Nothing but the lines from the one with "A balcony with" through the end of the material should be retyped, word for word and without pictures.

####################

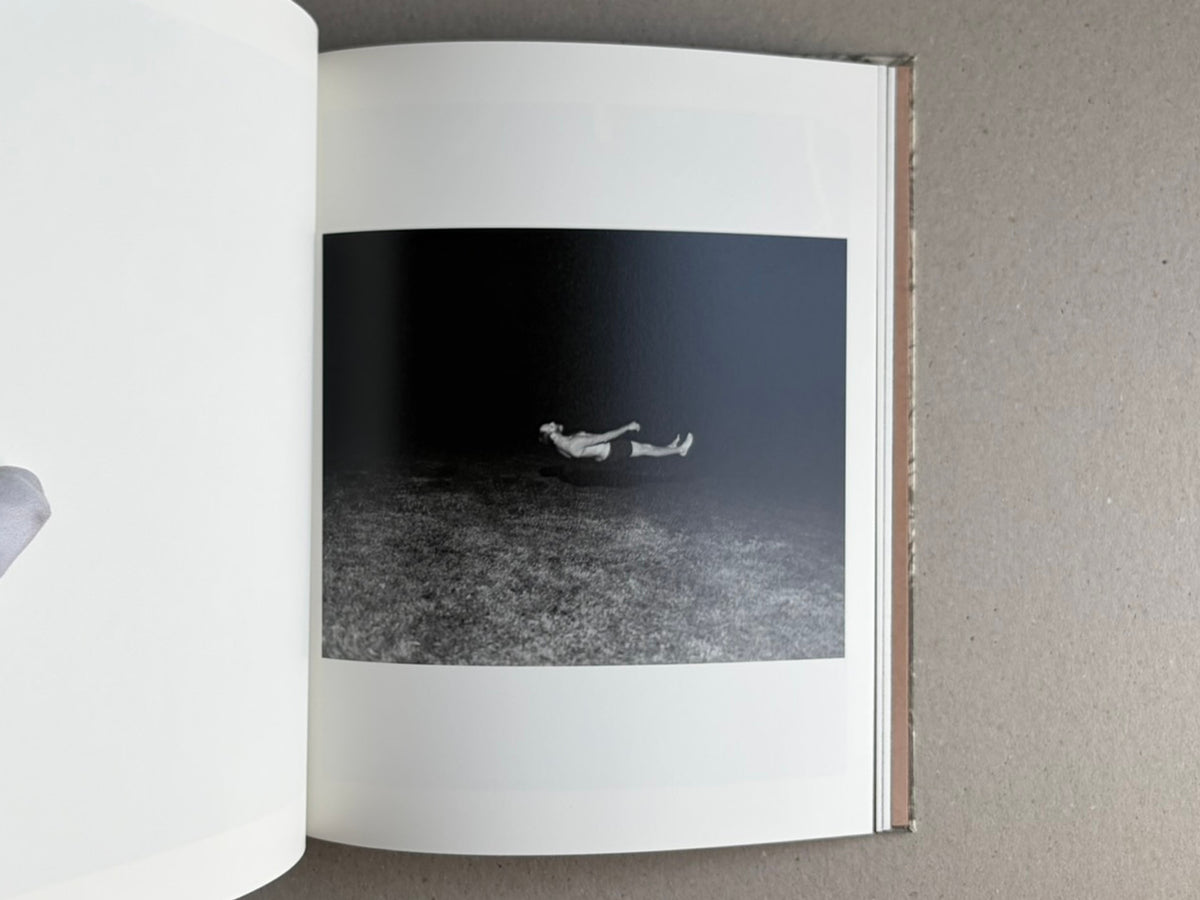 Open photobook spread from What the Rain Might Bring by Dylan Hausthor, showing a black-and-white image of a figure floating or lying horizontally in a dark landscape.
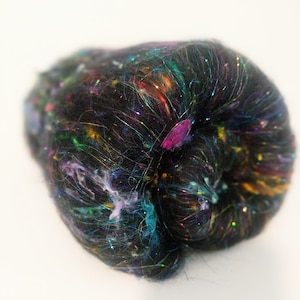 May include: A black fiber with iridescent and colorful fibers woven throughout. The fiber is in a ball shape.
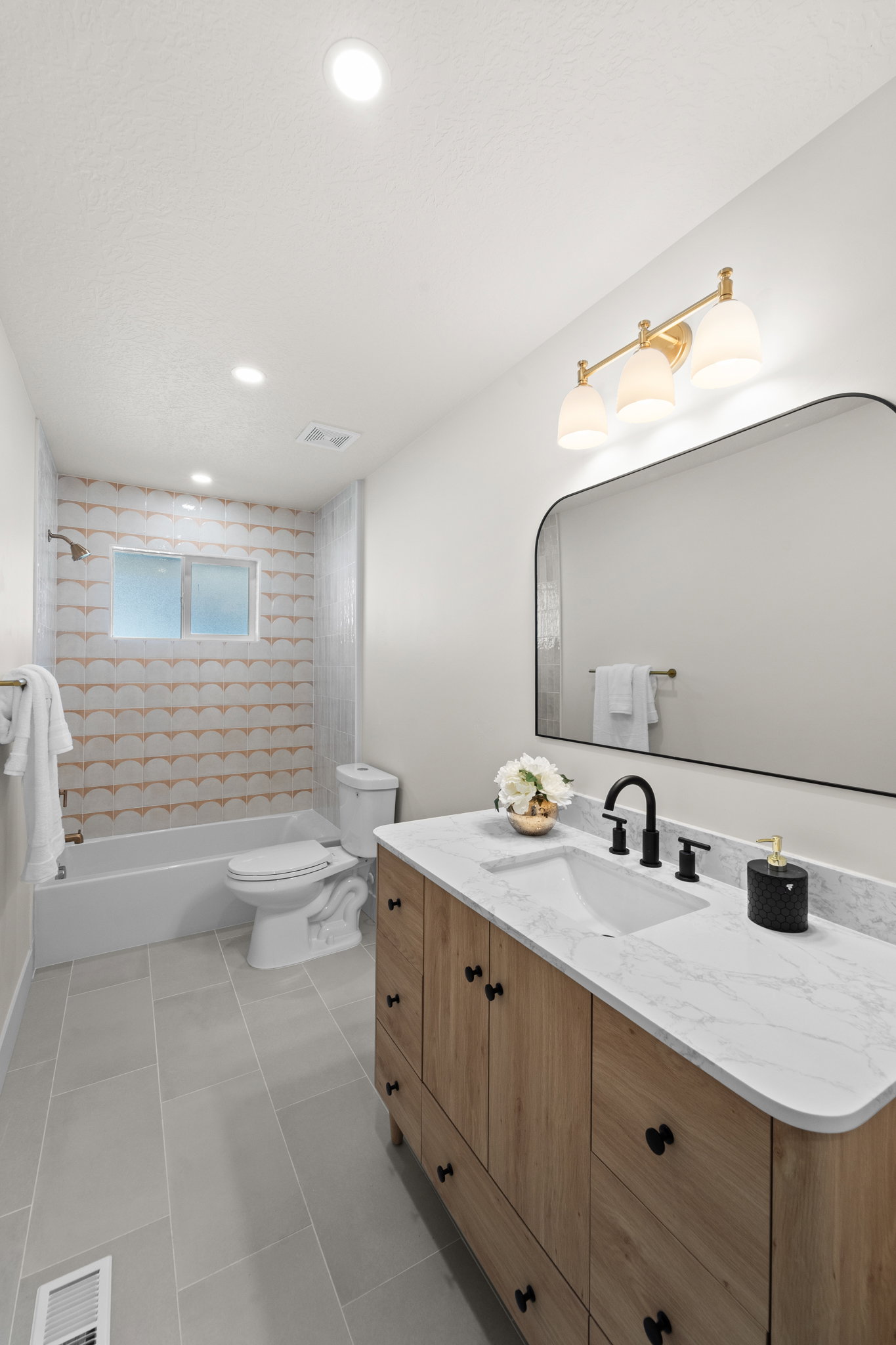 Full bathroom with vanity, shower / washtub combination, recessed lighting, and light tile patterned floors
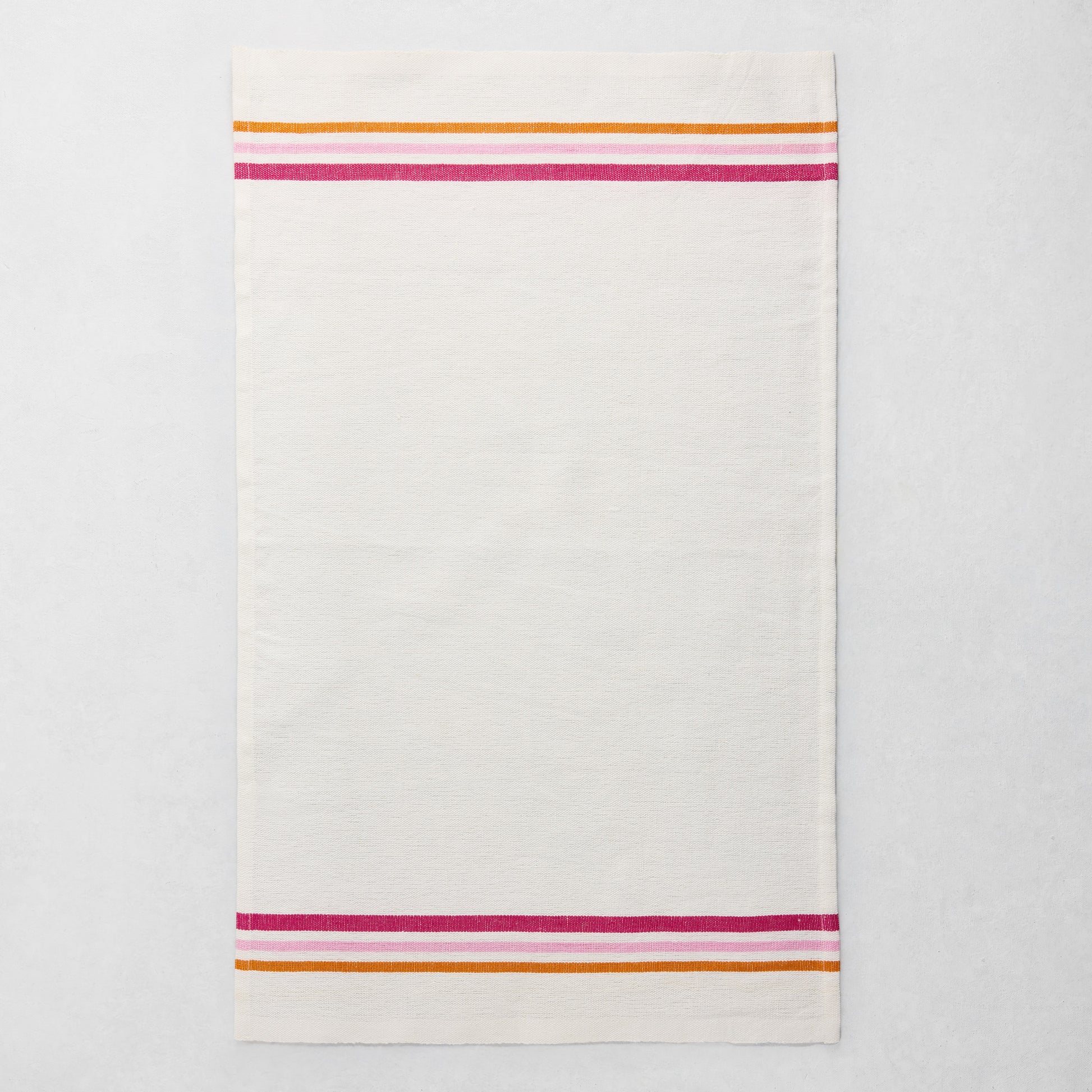 White cotton-linen hand towel with pink, orange, and fuchsia triple stripes at top and bottom.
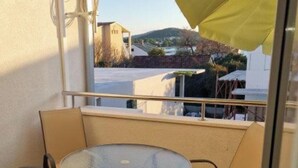 A balcony with a round glass table and four chairs, a yellow umbrella, and a view of buildings and hills. - Apartments Ordulj (Rogoznica)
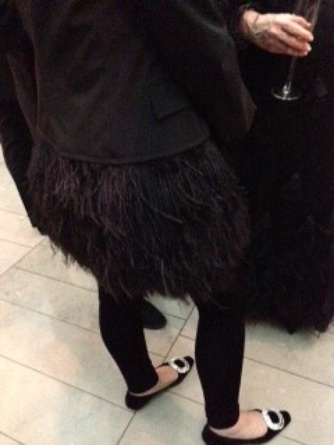 This member of the fashion flock (she looks a lot like the late, great Liz Tilberis) wore some plumage by Dries Van Noten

####################

[RESULT]
 A balcony with a round glass table and four chairs, a yellow umbrella, and a view of buildings and hills. - Apartments Ordulj (Rogoznica)
 This member of the fashion flock (she looks a lot like the late, great Liz Tilberis) wore some plumage by Dries Van Noten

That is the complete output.